# Driverless SUV smashes through shop entrance, knocks down child (VIDEO)



## DriverX (Aug 5, 2015)

https://www.rt.com/viral/377645-suv-smashes-shop-child/


----------



## tohunt4me (Nov 23, 2015)

DriverX said:


> https://www.rt.com/viral/377645-suv-smashes-shop-child/


OMG !!!!
KILLER ROBOT CARS !!!!
SAVE US FROM THESE EVIL MINDLESS DEMONS OF HELL !!!!


----------



## Jermin8r89 (Mar 10, 2016)

There gonna say its humans fault.


----------



## DriverX (Aug 5, 2015)

I <3 fake news


----------



## Older Chauffeur (Oct 16, 2014)

Jermin8r89 said:


> There gonna say its humans fault.


Which it obviously was, most likely on the part of either the mother or the fourteen year old who jumped in to stop the vehicle. Reports don't say who was driving, but the SUV was left running and in gear. SMH  Reckless endangerment.


----------



## tohunt4me (Nov 23, 2015)

DriverX said:


> I <3 fake news


Yup.
Article states it was a NORMAL S.U.V. that the driver had stepped out of. Thus it was driverless.
Ford had a problem with its vehicle park indicators in S.U.V.' S.
Ford also has an exhaust leak problem which has knocked out a few drivers while driving. In a S U V. Popular with the Police.


----------



## Jermin8r89 (Mar 10, 2016)

Older Chauffeur said:


> Which it obviously was, most likely on the part of either the mother or the fourteen year old who jumped in to stop the vehicle. Reports don't say who was driving, but the SUV was left running and in gear. SMH  Reckless endangerment.

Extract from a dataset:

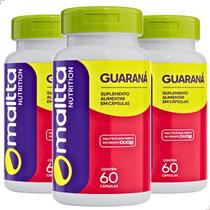 Kit 3x Frascos Guaraná 180 Cápsulas Suplemento Alimentar Natural Puro Energia Vitamina Cafeina Duom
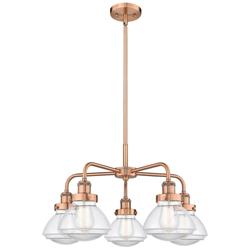 Olean 24.5&quot;W 5 Light Antique Copper Stem Hung Chandelier w/ Clear Shad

Those new shifters arnt that reliable. Ive used those new shifters in prius its not what were used to and they shouldnt have touched the design


----------



## Older Chauffeur (Oct 16, 2014)

Jermin8r89 said:


> Those new shifters arnt that reliable. Ive used those new shifters in prius its not what were used to and they shouldnt have touched the design


No indication of what year the vehicle is, but it probably wouldn't have jumped the curb and driven forward into the store if the engine had been shut down and the parking brake set.
I'm on my third Prius and haven't experienced any problems with the electronic shifters. Has there been a change in the newest models? Mine is a 2012.


----------



## Jermin8r89 (Mar 10, 2016)

Older Chauffeur said:


> No indication of what year the vehicle is, but it probably wouldn't have jumped the curb and driven forward into the store if the engine had been shut down and the parking brake set.
> I'm on my third Prius and haven't experienced any problems with the electronic shifters. Has there been a change in the newest models? Mine is a 2012.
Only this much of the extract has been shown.